High-throughput screening (HTS) systems are widely used by the pharmaceutical industry as an efficient method to process large numbers of compounds and molecular targets in a rapid manner. As such, pharmaceutical companies are turning to the use of 3D biomimetic human tissues in HTS format for preclinical toxicity testing of potential drug candidates. 3D bioprinting approaches, such as inkjet and micro-extrusion-based processes, are limited in scalability, resolution, patterning flexibility, and/or speed, which makes them unsuitable for high-throughput fabrication of complex cell-laden 3D microstructures within multi-well plates commonly used in HTS systems for drug screening and assay development. These shortcomings severely limit the widespread adoption of 3D printed cell culture platforms since researchers often rely on products configured to interface with commonly used lab instruments and equipment. Recently, DLP printing has made HTS possible. With rational integration of the micro-continuous projection printing and the automated well plate registration, Hwang et al. managed to fabricate complex 3D bio-constructs directly in a well plate rapidly and consistently. Depending on the complexity of the tissue construct, the total fabrication time for a fully populated 96-well plate typically ranges from 20 to 40 min (Hwang et al. 2021). Future work for printing in a 384-well plate or more wells is yet to be developed for HTS applications.

Concluding remarks

3D bioprinting has made significant progress in in vitro recapitulation of complex tissues. By applying an appropriate printing technique and biomaterial, accurate recapture of the ECM composition, cell population, bio-microenvironment, organ microarchitecture, and tissue functionality has been achieved in a variety of tissues, such as cancer, heart, muscle, liver, kidney, and will continue to be broadened and enhanced as the studies go on.

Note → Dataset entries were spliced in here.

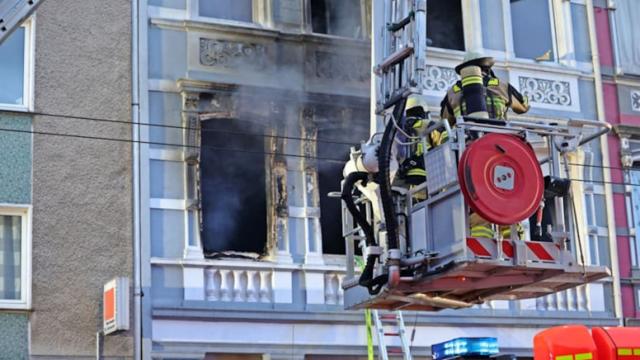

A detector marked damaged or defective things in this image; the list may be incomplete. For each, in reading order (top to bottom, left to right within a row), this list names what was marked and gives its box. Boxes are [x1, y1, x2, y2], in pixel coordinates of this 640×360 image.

charred window opening [312, 0, 362, 38]
charred window opening [428, 0, 462, 51]
charred window opening [201, 119, 268, 255]
charred window opening [318, 114, 370, 255]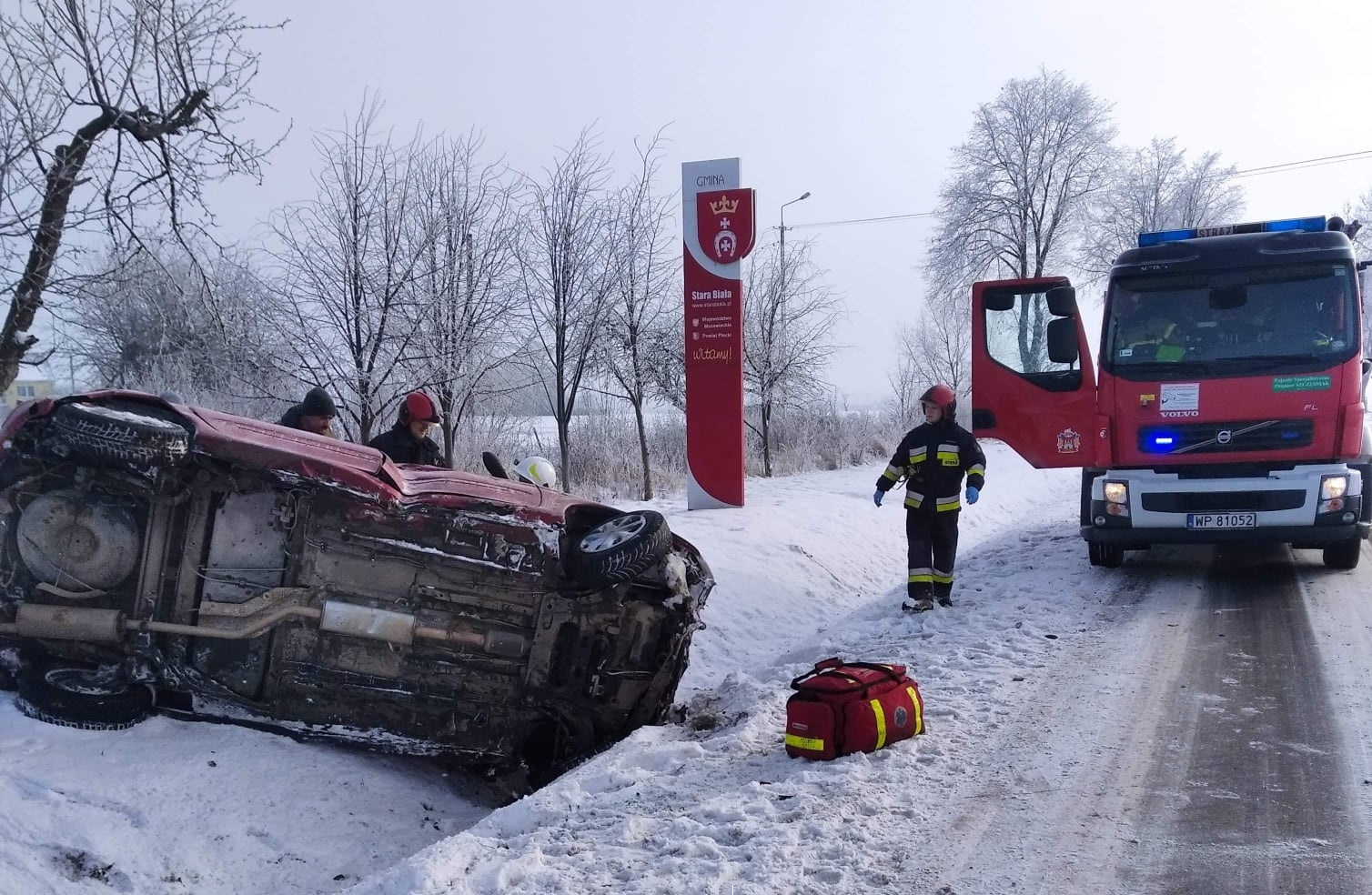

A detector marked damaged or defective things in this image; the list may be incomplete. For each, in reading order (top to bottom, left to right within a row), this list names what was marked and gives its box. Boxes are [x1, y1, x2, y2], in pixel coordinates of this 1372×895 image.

overturned red car [0, 388, 713, 772]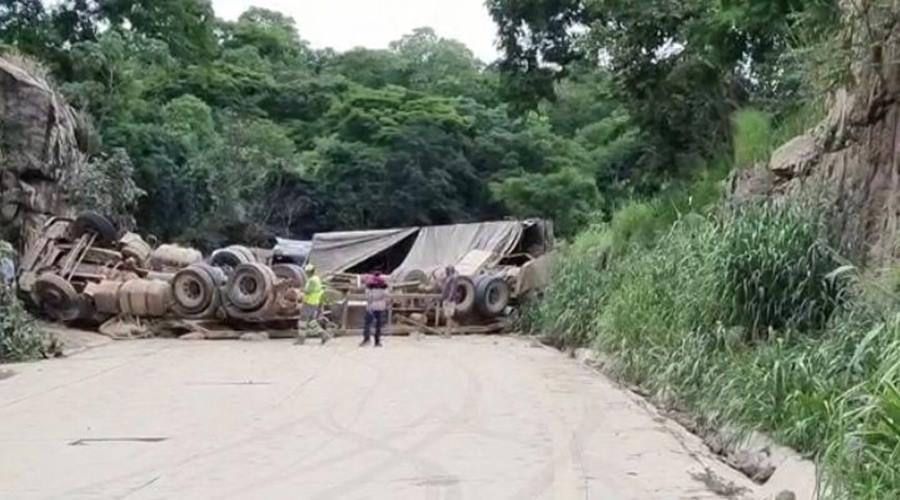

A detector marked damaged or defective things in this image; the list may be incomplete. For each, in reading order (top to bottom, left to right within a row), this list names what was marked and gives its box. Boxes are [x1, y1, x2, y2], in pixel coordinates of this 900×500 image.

exposed wheel [70, 211, 118, 244]
exposed wheel [33, 274, 80, 320]
exposed wheel [209, 245, 255, 272]
exposed wheel [224, 262, 274, 312]
exposed wheel [270, 264, 306, 288]
exposed wheel [450, 276, 478, 314]
exposed wheel [474, 274, 510, 316]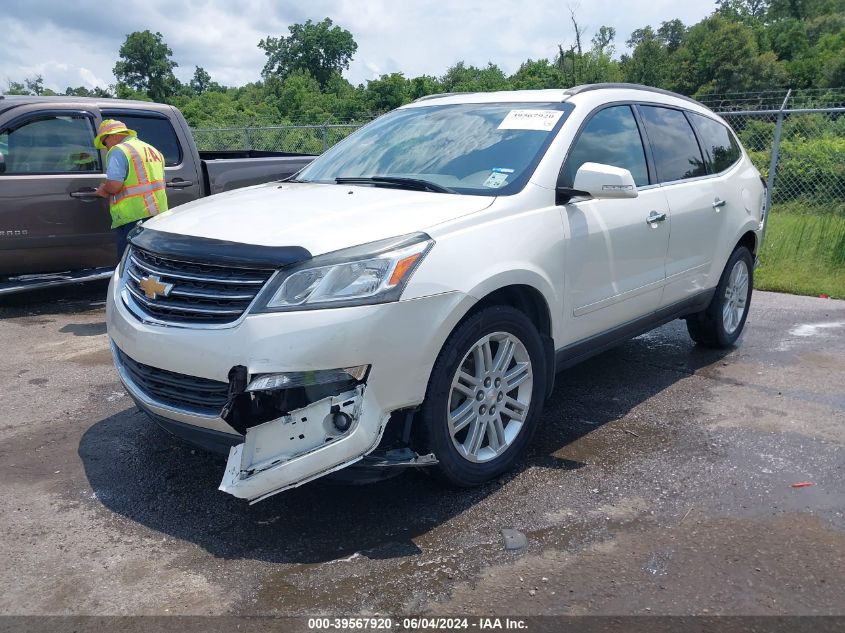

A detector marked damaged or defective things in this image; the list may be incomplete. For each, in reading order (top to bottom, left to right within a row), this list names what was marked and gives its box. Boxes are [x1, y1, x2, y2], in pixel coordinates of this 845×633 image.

detached bumper piece [219, 382, 364, 502]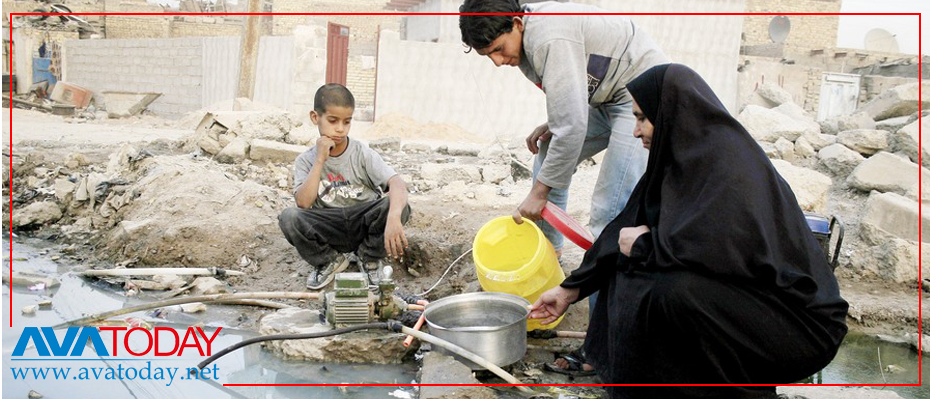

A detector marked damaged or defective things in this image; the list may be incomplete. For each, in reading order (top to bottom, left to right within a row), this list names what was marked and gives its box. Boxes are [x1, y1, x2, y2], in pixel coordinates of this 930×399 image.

broken concrete block [752, 83, 792, 107]
broken concrete block [856, 80, 928, 120]
broken concrete block [736, 104, 816, 144]
broken concrete block [836, 111, 872, 132]
broken concrete block [198, 138, 221, 156]
broken concrete block [213, 139, 248, 164]
broken concrete block [246, 138, 300, 162]
broken concrete block [368, 136, 400, 152]
broken concrete block [772, 138, 792, 162]
broken concrete block [792, 136, 812, 158]
broken concrete block [820, 143, 864, 176]
broken concrete block [832, 130, 884, 157]
broken concrete block [888, 119, 924, 169]
broken concrete block [53, 179, 75, 203]
broken concrete block [418, 162, 478, 184]
broken concrete block [478, 165, 508, 185]
broken concrete block [768, 160, 828, 214]
broken concrete block [844, 152, 924, 197]
broken concrete block [12, 203, 62, 228]
broken concrete block [860, 191, 924, 244]
broken concrete block [188, 278, 226, 296]
broken concrete block [256, 308, 412, 364]
broken concrete block [416, 354, 496, 399]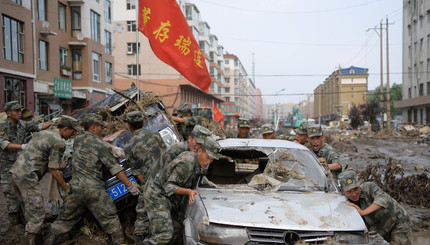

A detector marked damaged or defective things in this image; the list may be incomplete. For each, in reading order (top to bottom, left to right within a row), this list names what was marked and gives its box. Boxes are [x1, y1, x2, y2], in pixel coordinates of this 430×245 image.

wrecked vehicle [183, 139, 368, 244]
damaged silver car [183, 139, 368, 244]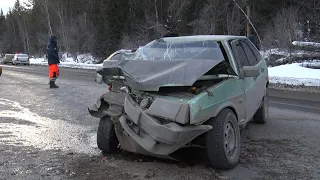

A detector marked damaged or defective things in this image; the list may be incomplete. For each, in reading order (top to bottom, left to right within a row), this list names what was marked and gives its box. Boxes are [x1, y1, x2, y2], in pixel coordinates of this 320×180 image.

damaged front bumper [88, 91, 212, 156]
crumpled hood [99, 58, 224, 90]
shattered windshield [132, 38, 225, 60]
severely damaged car [89, 35, 268, 170]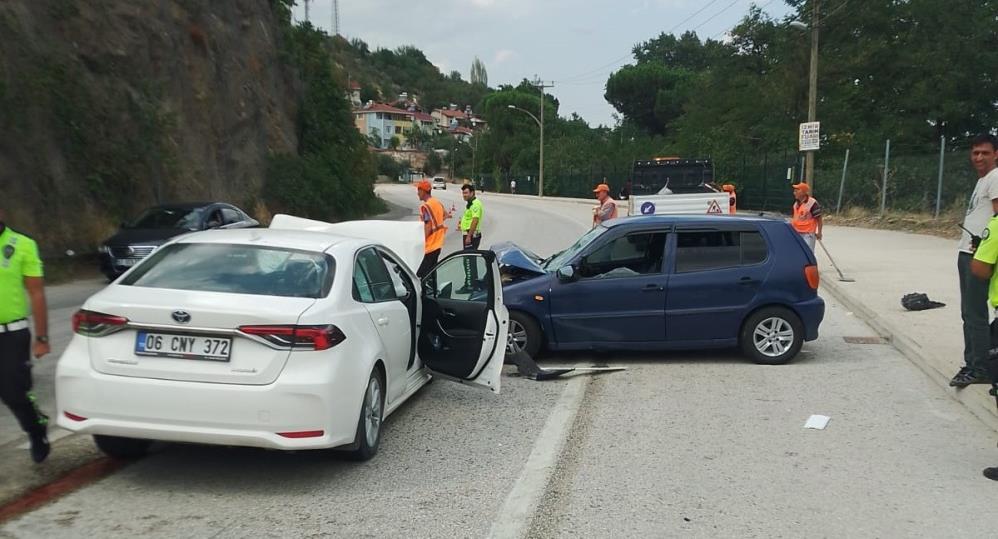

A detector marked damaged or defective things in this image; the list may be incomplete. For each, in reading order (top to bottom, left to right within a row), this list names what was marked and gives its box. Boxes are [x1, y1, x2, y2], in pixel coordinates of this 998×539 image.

crumpled hood [492, 245, 548, 278]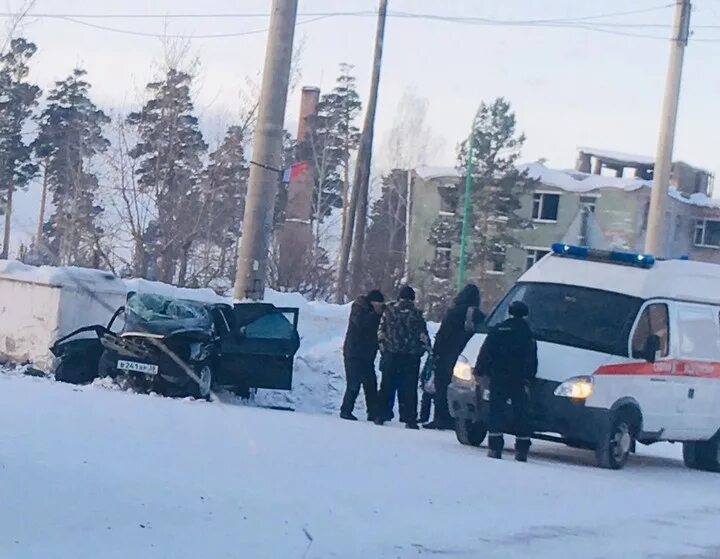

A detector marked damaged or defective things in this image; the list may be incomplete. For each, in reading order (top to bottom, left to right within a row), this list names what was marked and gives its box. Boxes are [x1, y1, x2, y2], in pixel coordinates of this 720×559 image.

crashed black car [50, 290, 298, 400]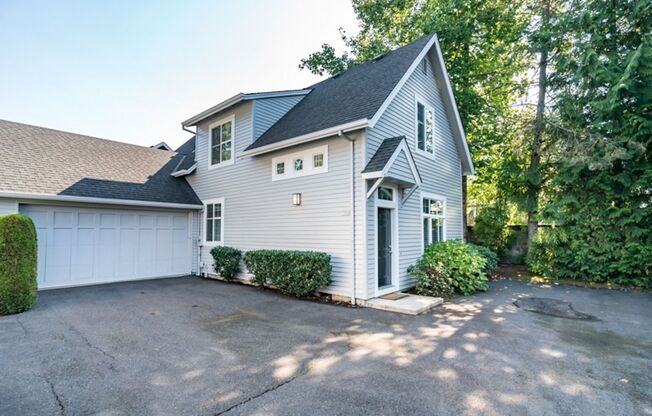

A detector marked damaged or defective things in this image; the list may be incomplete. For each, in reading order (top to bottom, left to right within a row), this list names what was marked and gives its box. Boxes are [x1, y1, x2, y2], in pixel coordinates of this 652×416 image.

driveway crack [42, 376, 65, 414]
driveway crack [213, 368, 306, 414]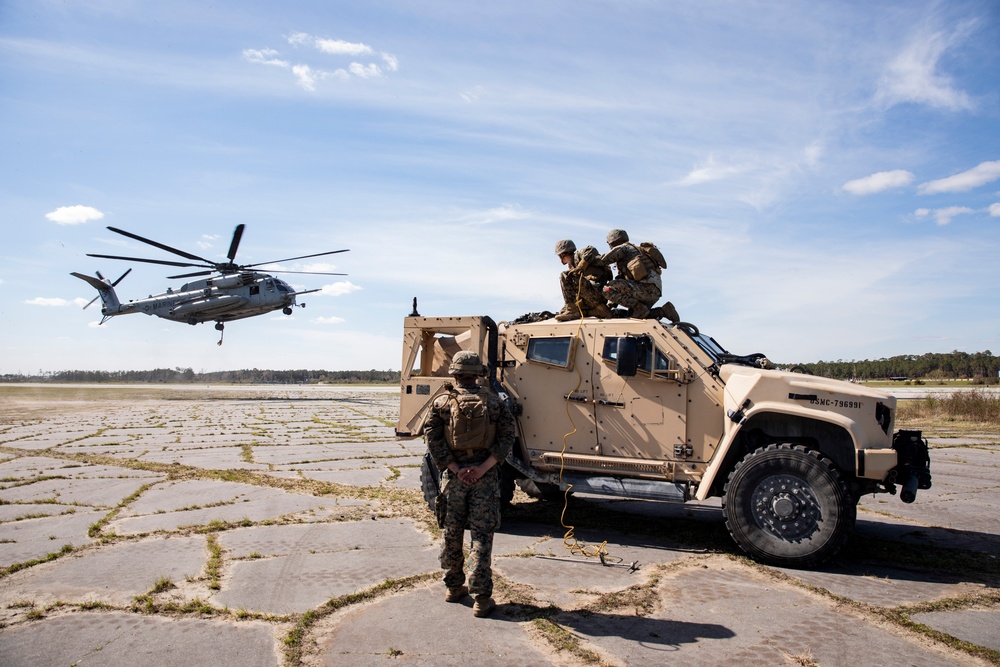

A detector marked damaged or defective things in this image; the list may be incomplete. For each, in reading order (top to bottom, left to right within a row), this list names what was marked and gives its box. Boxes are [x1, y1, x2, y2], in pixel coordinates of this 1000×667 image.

cracked tarmac [1, 386, 1000, 667]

Despite the encouraging results being achieved, it is noteworthy that they are usually labor and technique intensive. To bridge the gap between fundamental research and pragmatic applications, the scalability and reproducibility of the modeling strategies must also be addressed. In addition, with the arising need in the evaluation of therapeutic and substance in subdivided population and in the point-of-care scenario, the required time of production of personalized in vitro model must also be improved.